#### Work request:
Only these lines of the data below are wanted: the one with "Dora、林子洧两人相隔一个", the one with "прописка иностранных граждан в Севастополе", and any lines between them, each repeated exactly.

#### Record excerpts:
######
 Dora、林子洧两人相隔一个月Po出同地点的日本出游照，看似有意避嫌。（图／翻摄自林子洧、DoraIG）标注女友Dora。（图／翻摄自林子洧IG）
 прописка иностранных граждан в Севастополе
######
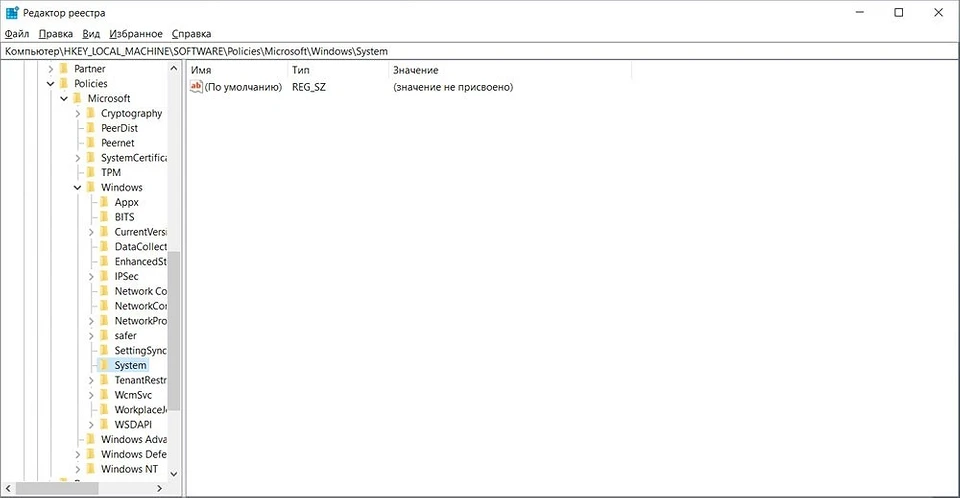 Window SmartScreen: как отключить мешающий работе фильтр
######
#### Reply to the exercise:
 Dora、林子洧两人相隔一个月Po出同地点的日本出游照，看似有意避嫌。（图／翻摄自林子洧、DoraIG）标注女友Dora。（图／翻摄自林子洧IG）
 прописка иностранных граждан в Севастополе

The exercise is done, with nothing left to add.